London - A proposal to toughen UK laws to make it easier to hold companies accountable for financial crime is still under consideration by the government after years of back and forth, according to a speech from the solicitor general.

"The weaknesses in our current law result in other jurisdictions holding British companies to account when ours has not," Robert Buckland said on Monday at a conference in Cambridge, England. "The government completed its call for evidence on corporate criminal liability" laws and is now considering the submissions.

Buckland’s comments at the Cambridge International Symposium on Economic Crime come one year after the attorney general told the same conference the government had resurrected a proposal to make it an offense for companies to fail to prevent economic crimes such as fraud and money laundering.

The move marked a U-turn from a year earlier when the government abandoned the initiative, claiming there was "little evidence of corporate economic wrongdoing going unpunished."

Prosecutors and anti-corruption lobbyists have pressed the government to widen UK corporate liability laws to make them more akin to the US, where companies are more directly responsible for workers’ actions. Under current UK laws, a company can only be charged if prosecutors can demonstrate senior executives - or the so-called controlling mind - of a company were involved.

The change would give law enforcement agencies a more complete suite of powers after the UK made companies responsible for failing to prevent bribery in 2011, and a new criminal offense of corporate failure to prevent tax evasion is about to come into force.

Board distance

"Our current system of limited corporate liability incentivises a company’s board to distance itself from the company’s operations," Buckland told the audience of global prosecutors and defense lawyers. This "has made it difficult to attribute criminal liability to large corporations."

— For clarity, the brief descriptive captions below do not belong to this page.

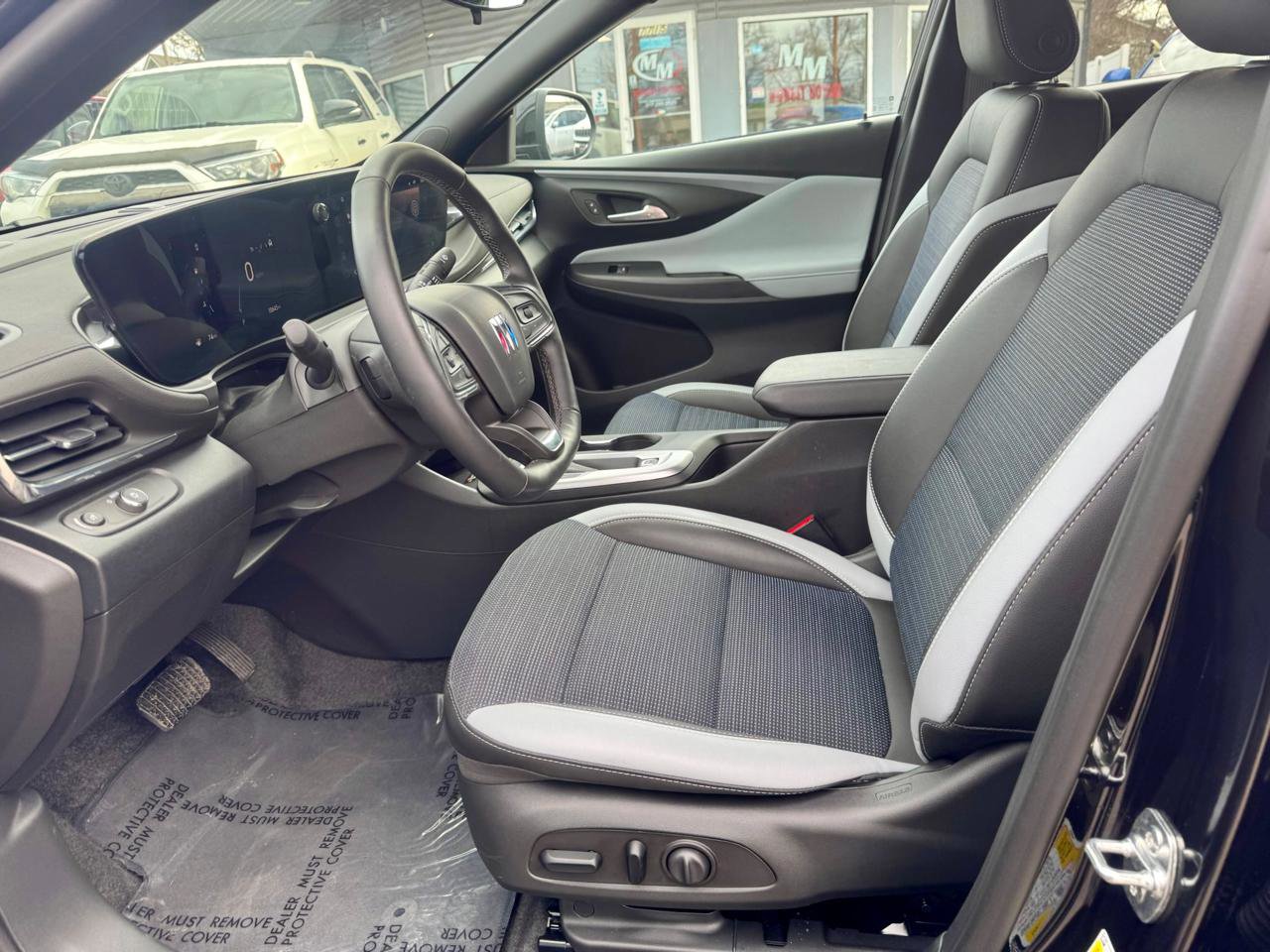 Used 2025 Buick Envista Preferred w/ Convenience I Package image 18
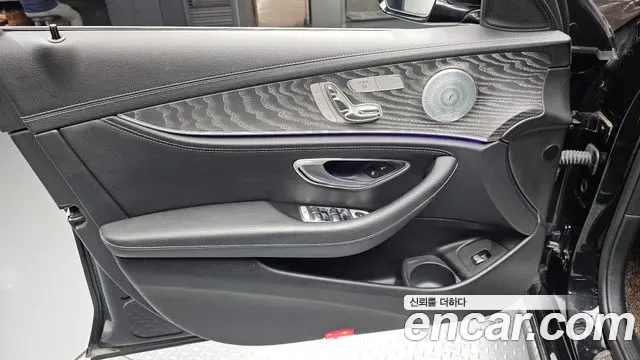 Mercedes-Benz E-Class E350 4MATIC AMG Line, миниатюра 9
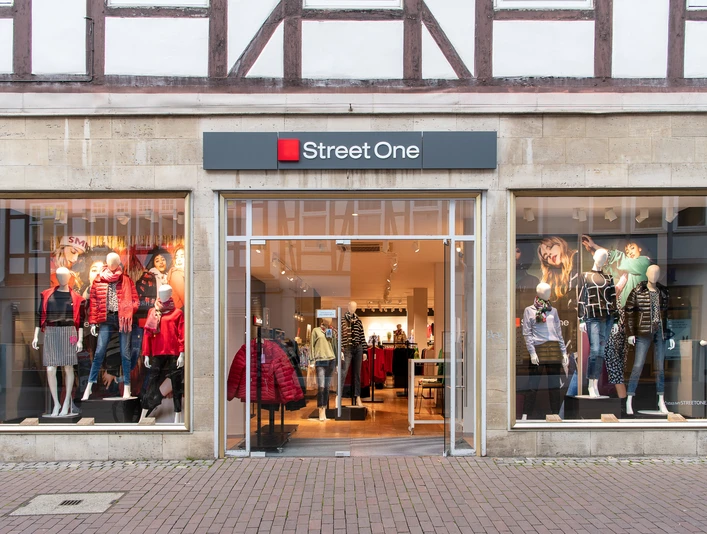 Schaufenster der Street One Filiale in Wolfenbüttel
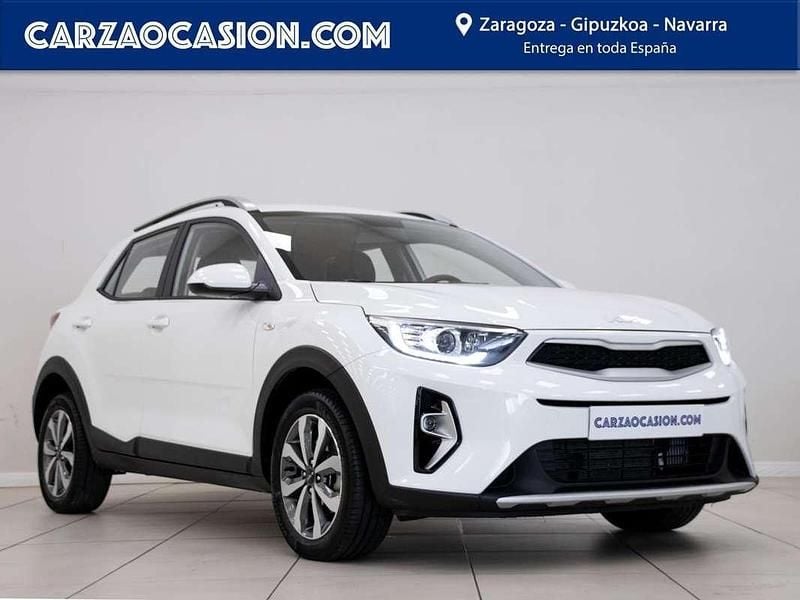 Usado Kia Stonic 101 CV (74 kW) 2024 Blanco SUV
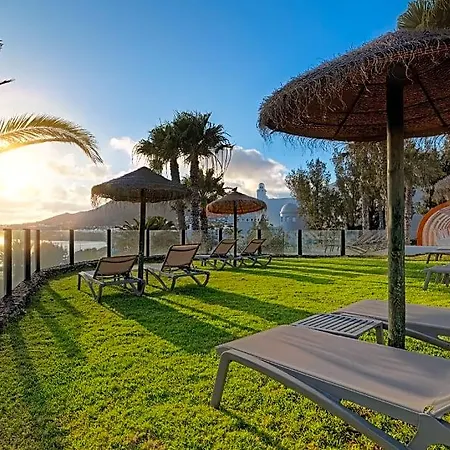 ホテル H10 Timanfaya Palace - Adults Only プラヤ・ブランカ
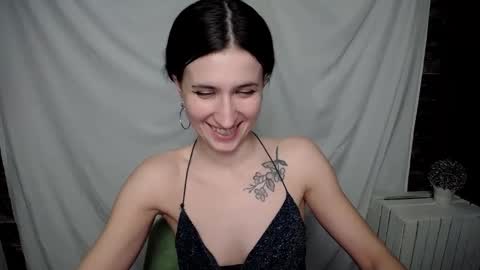 Laura online show from February 2025 02:55:02 PM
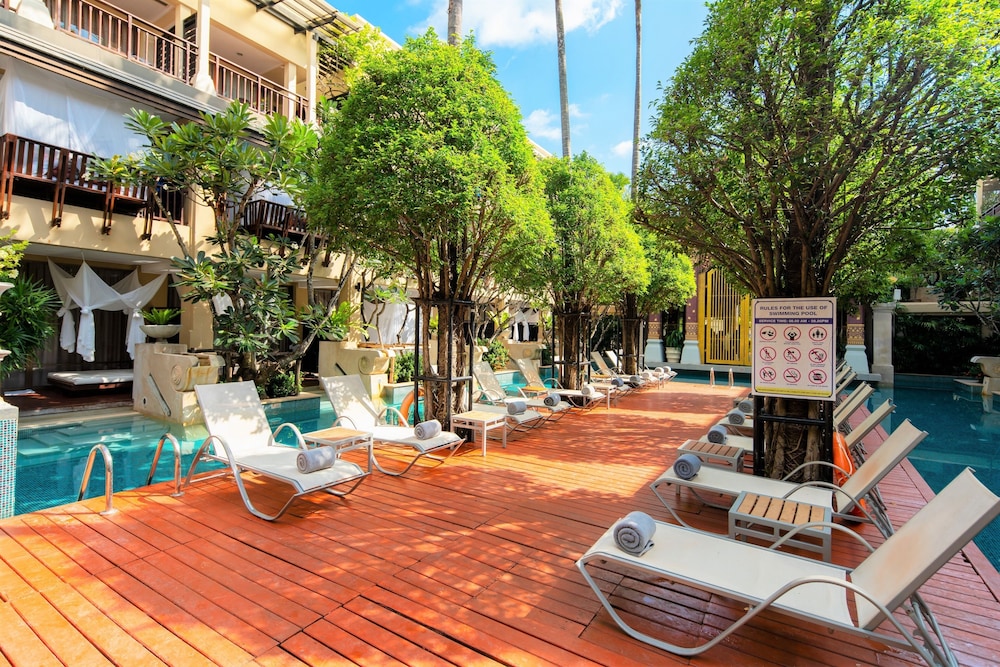 Burasari Phuket Resort & Spa — Swimming pool in Patong Beach, Phuket Province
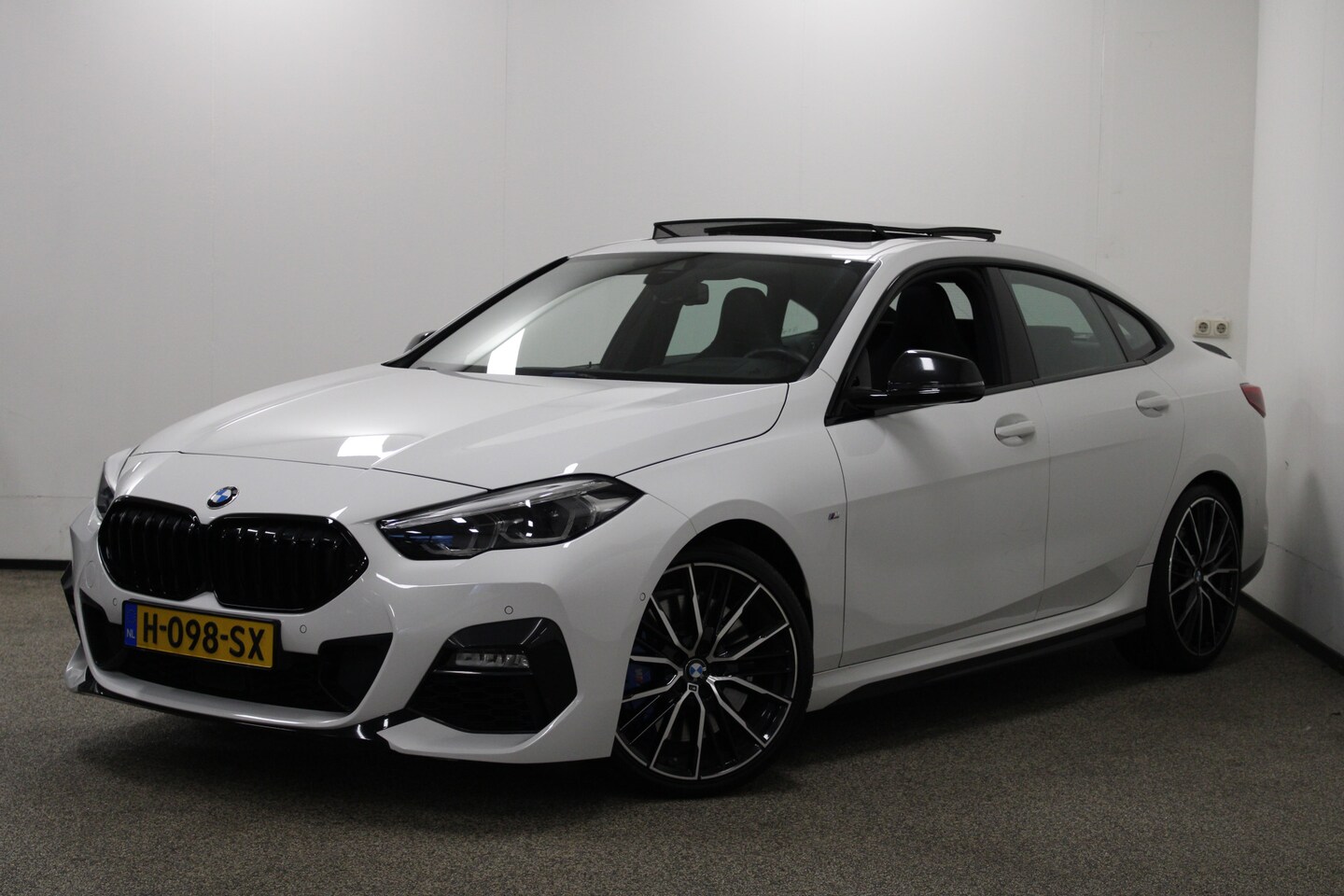 BMW 2-serie Gran Coupé - 218i High Executive Edition M-sport|Pano|Kuip|Headup|Stoelverw. - AutoWereld.nl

Buckland praised the work of the Crown Prosecution Service and Serious Fraud Office, which he oversees, citing the SFO’s recent charges against Barclays and four of its former executives as an example of the UK response to allegations of economic crime.

SFO Director David Green told the audience in his final speech at the symposium before he steps down in April that he’d been "banging on for six years" about the need to extend corporate criminal liability.

"It is surely right that the UK should lead enforcement in relation to UK companies" and companies with business here, Green said. "If we take our foot off the pedal in relation to corporate crime and commercial bribery others will fill the void."

The SFO was threatened with closure this year by Prime Minister Theresa May, who pledged in the Conservative Party election manifesto to subsume the prosecutor into the National Crime Agency.

May acted amid a wide-ranging government review of Britain’s economic crime agencies. The prime minister said in a letter to Treasury Committee chairperson Nicky Morgan last month that feedback from the review would be discussed with ministers by the end of the summer.